Compare this to Tom Hanks with 20 $51 million movies. Or Tom Cruise with 16 (and Magnolia is the only movie he's done in the last 20 years that didn't get at least that much). Julia Roberts with 19. Even Ben Stiller tops him with 11 of them.

But this isn't necessarily a bad thing for George Clooney, because this The Facts of Life alum is steadily creating a filmography that most serious actors would kill for and several of my favorite movies have Clooney in them.
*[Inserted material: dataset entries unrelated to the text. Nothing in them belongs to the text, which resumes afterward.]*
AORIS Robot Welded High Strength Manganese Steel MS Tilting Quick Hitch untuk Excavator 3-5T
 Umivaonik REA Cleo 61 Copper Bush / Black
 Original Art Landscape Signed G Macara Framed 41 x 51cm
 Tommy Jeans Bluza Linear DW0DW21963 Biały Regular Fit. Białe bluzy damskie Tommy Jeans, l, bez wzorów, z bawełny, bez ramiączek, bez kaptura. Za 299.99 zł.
George Clooney may have just about the best taste in projects of anybody in Hollywood. Out of Sight, Three Kings, and O Brother, Where Art Thou? all in a phenomenal three year run and combined they only did $140 million. Intolerable Cruelty is a fabulous biting comedy and actually be second favorite Coen Brothers title. Syriana, Michael Clayton, and Good Night, and Good Luck were well worth the critical accolades (another $130 for the three).

So it really shouldn't be a surprise that Leatherheads didn't fill any seats. It is certainly the most mainstream movie he's done in years (other than the Ocean's sequels) but it also a movie with a pretty narrow conceit. It isn't a modern comedy set in the early days of professional football; instead it is trying to be a movie made in the early days of professional football.

Considering most people people heading to the theater won't even know who Rosalind Russell was, or that Renee Zellweger's is styled on her character in His Girl Friday, it is hard to see how this would appeal to them.

People who blink unfamiliarly at the mention of that movie, or The Lady Eve or Bringing Up Baby or The Philadelphia Story or Harvey or any of the great comedies of the 1940s or early 1950s aren't going to care much for a movie that attempts to recreate their magic.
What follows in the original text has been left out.